The new survey focuses on Californians’ views on four distinct, environment-related topics: the 2012 presidential election candidates; conventional air pollution; state climate change issues; and California energy policy. A lot of fascinating and sometimes surprising nuggets can be culled from the survey results reported by PPIC. Here are some highlights on each of the above topics:
Californians’ Views of the Presidential Candidates
- Perhaps unsurprisingly for this blue state, Californians prefer Obama to Romney in the November election, 51-40%. Those surveyed trust President Obama over Romney to address the nation’s energy and climate change issues by a more lopsided 54-33% margin.
- Fully 72% of Californians consider global warming and energy issues to be very (30%) or somewhat (42%) important issues in determining their choice for President this fall.
Climate Change & AB 32
- A solid majority of Californians (78%) believe that global temperatures have increased over the past century, and 60% think the effects of global warming have already begun manifesting themselves.
- A similarly large percentage of Californians (71%) continue to support AB 32, the state’s landmark Global Warming Solutions Act. But whereas support for that law was bipartisan when Republican Governor Schwarzenegger signed AB 32 into law in 2006, Californians’ views of the law have become far more partisan since then: 84% of state Democrats currently support AB 32, as do 65% of Independents, while Republicans oppose the law by a 48-44% margin.
- 42% of those surveyed believe that government-sponsored action to curb the state’s aggregate greenhouse gas emissions will create jobs in California, 25% believe AB 32 will be no net effect on jobs, and 25% believe state climate change measures will result in fewer jobs.
- Surprisingly, overwhelming majorities of Californians–across party lines–favor each of the following strategies to address global warming: increased energy efficiency standards (77%); requiring industrial and commercial facilities to reduce GHG emissions (82%); encouraging local governments to change land use and transportation policies to encourage less driving (77%); mandating automakers to further reduce GHG emissions from new automobiles (78%); and requiring fuel providers to reduce the carbon intensity of transportation fuels by 2020 (79%).
- Remarkably, fully 57% of Californians say they’ve heard nothing to date about the state’s cap-and-trade program. After hearing a brief description of the program, a bare majority (53%) expresses support, while 36% of those surveyed oppose cap-and-trade.
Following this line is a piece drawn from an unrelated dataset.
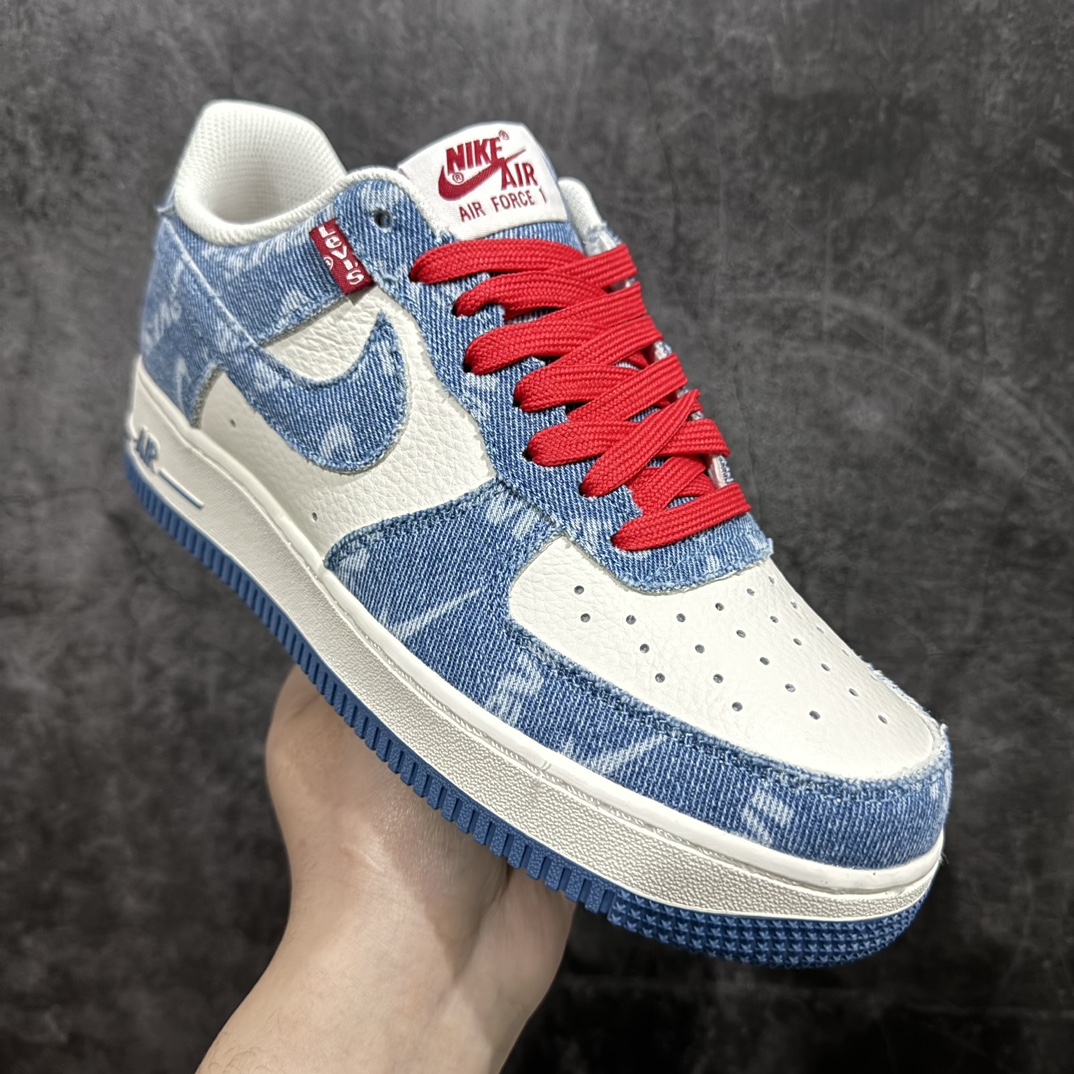 图片[3]-【公司级】 Levi\’s ×Nike Air Force 1 Low 李维斯联名 牛仔拼接空军一号低帮休闲板鞋 鞋面采用原厂殊特工艺 印染洗水牛仔布 鞋中与底鞋面接合处同样采用原折厂边工艺 原装鞋盒 纯正版型 内置全掌气垫货号：VT5698-568Size：36 36.5 37.5 38 38.5 39 40 40.5 41 42 42.5 43 44 44.5 45 编码：HXS290300-莆田鞋批发中心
Notably, respondents who say they’ve heard a lot about California’s cap-and-trade program are those most likely to oppose it: 62% against vs. 35% in favor.
- Although permit auctions of allocations under the cap-and-trade program are expected to raise $1 billion in the program’s first year, two-thirds of Californians have little or no confidence that state government officials will spend those revenues wisely.
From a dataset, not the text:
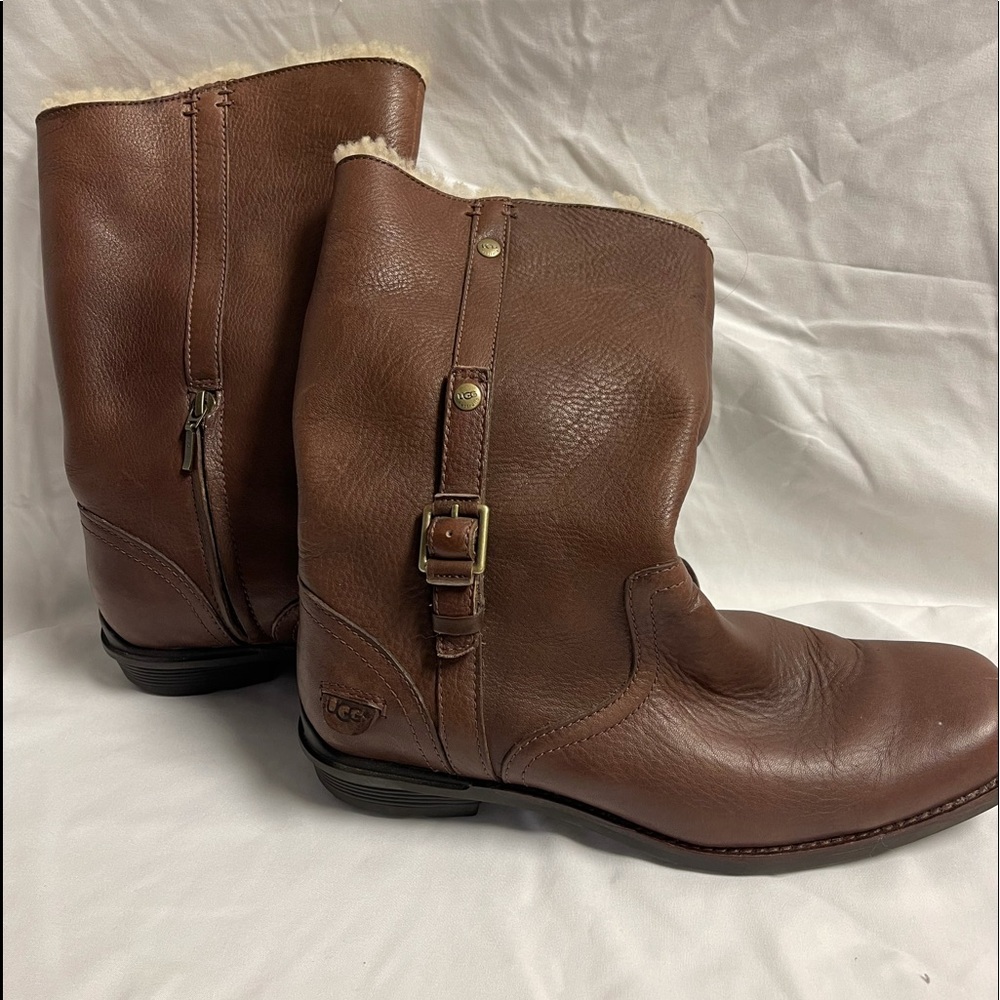 UGG boots. Brown. Sheepskin lined.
- 63% of Californians remain opposed to building more nuclear power plants in the state, a figure that spiked after the 2011 nuclear disaster in Japan and remains high in 2012.
- A strong majority (78%) of Californians support the state’s renewable energy portfolio standard, which requires that one-third of California’s electricity be generated from renewable energy sources by the year 2020. But that support drops to 44% if implementation of that policy means higher electricity bills for those surveyed.
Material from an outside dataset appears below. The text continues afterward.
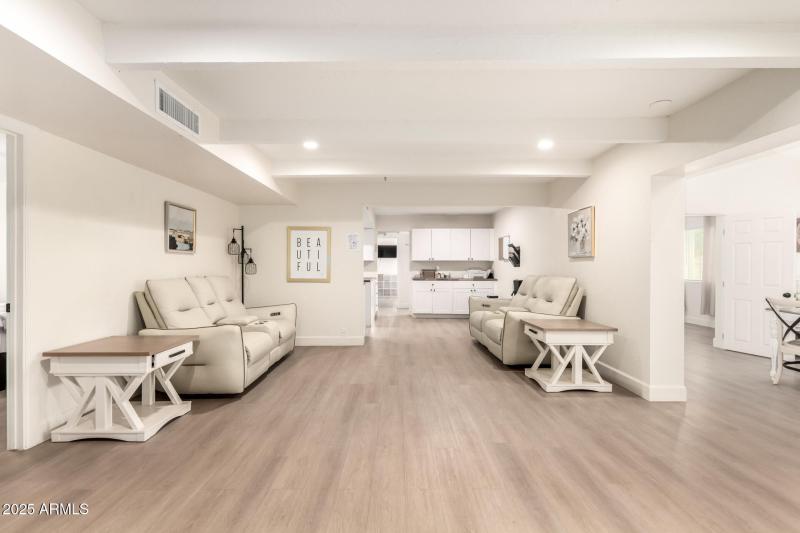 17 - Bloomfield 5529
- A majority of Californians (54%) have heard of hydraulic fracking–more than have heard of the state’s cap-and-trade program. Of those who are aware of fracking, 42% support the technology while 46% oppose it.
- While two-thirds of Californians believe that air pollution remains a significant problem, the percentages vary considerably among regions of the state. Respondents in Los Angeles, the Central Valley and the Inland Empire are far more likely to consider regional air pollution a big problem than are residents of the Bay Area, San Diego or Orange County. And Latinos (37%) and African-Americans (33%) are much more likely than Asians (20%) and whites (18%) to view air pollution as a major concern.
- In the good news/bad news department: solid majorities of Californians continue to back tougher emissions standards on new passenger vehicles (65%), diesel-engine vehicles (71%) and stationary sources of air pollution (70%); a smaller majority (54%) supports more stringent air emission standards on California agriculture. But these numbers actually reflect the lowest level of public support for these types of air pollution programs since PPIC began asking the question in 2005.